The Marvel TV shows have limited impact on the greater MCU

A lot had to happen offscreen for Wanda to get to the point where she not only has mastered the Darkhold, but is ethically so corrupt that she would send demons after a defenseless teenage girl with the intent of murdering her for her powers — let alone kill her former ally Stephen Strange, and heroes from other universes. And Wanda is steadfast in her plan — at no point does she seem hesitant to deliver the fatal blow or question if what's she's doing is right. While it was fun to see figures like "Captain Carter" — who was actually set up by "What If..." — getting to fight, Scarlet Witch tore through them pretty easily. Sure, the multiverse means viewers get to see the heroes die horribly without it affecting the MCU's future (although I'm not super sure why that's something people would WANT to see), and it's nice to see Scarlet Witch really embracing her powers; however, it doesn't quite feel earned, partially because of how "WandaVision" ends. This violence is visceral and up-close and horrific. Arguably, this movie completely undoes the TV show.

This creates a contradiction within the MCU: previously, having seen the entirety of Marvel Studios' offerings meant a better viewing experience, since there was more reward to be had by recognizing Easter eggs, cameos, and potential set-ups. In the case of "WandaVision," however, having seen it actually makes "Doctor Strange in the Multiverse of Madness" feel out of sync. Yes, it provides context for what the Darkhold is and why Wanda suddenly wants children so bad, but the character ends in such a different place from where she is at the start of this movie that it feels abrupt and unsettling. Why spend so much time building up a redeemed character only to have her step into a purely antagonistic role in the franchise?

The way that Wanda's story is handled in "Doctor Strange in the Multiverse of Madness" heavily implies that the TV shows won't have much of an impact on the movie world.
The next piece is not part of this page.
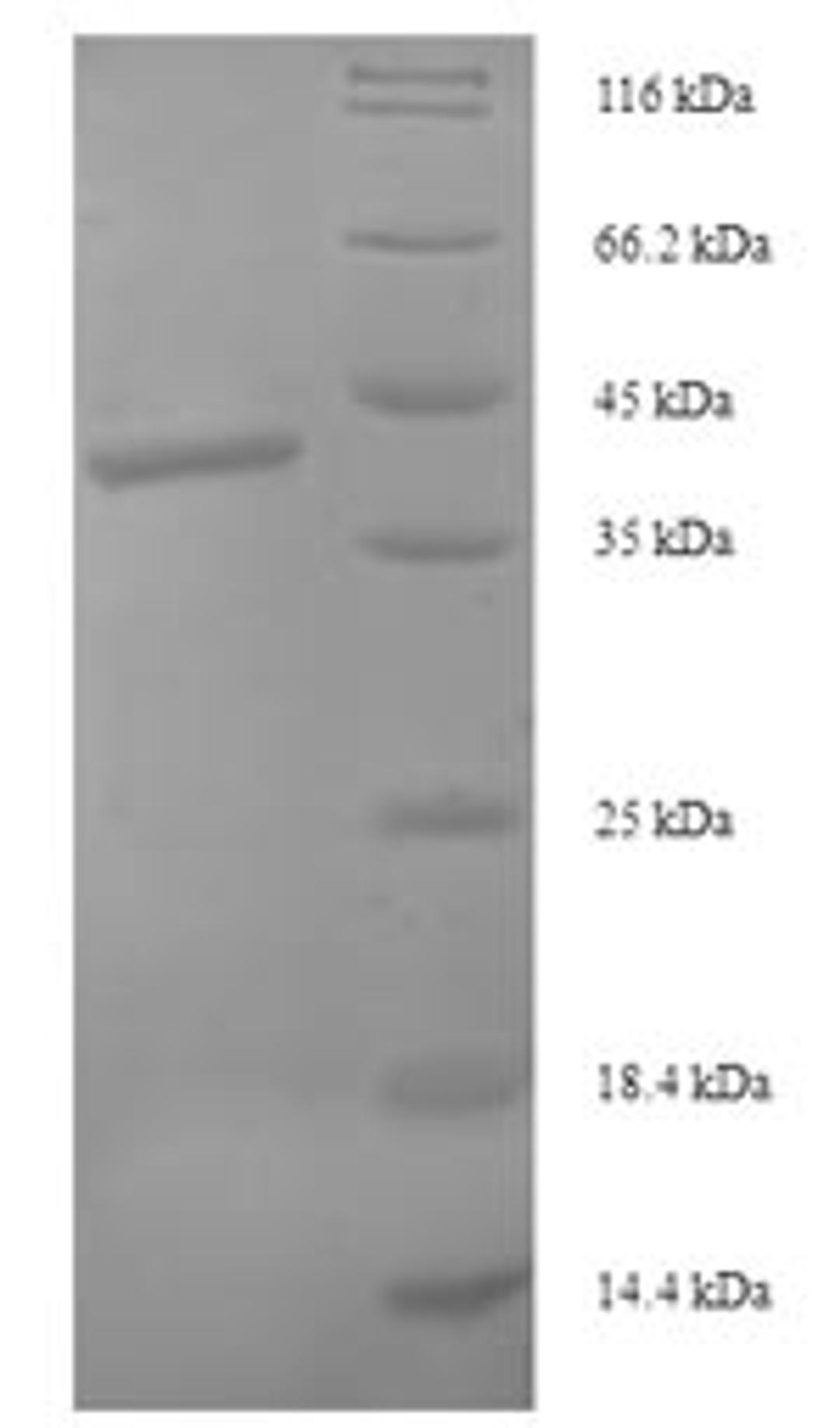 (Tris-Glycine gel) Discontinuous SDS-PAGE (reduced) with 5% enrichment gel and 15% separation gel.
Clearly, the emphasis is still on the MCU's main storylines, which may be supplemented by the TV shows — but not in the ways that count. It's a shame that Wanda experienced so much personal growth during her time in Westview, only to devolve into a corrupt, completely irredeemable monster in "Doctor Strange in the Multiverse of Madness." Hopefully, the character journeys in the other Disney+ shows like "Loki" and "The Falcon and the Winter Soldier" will have more relevance in the MCU.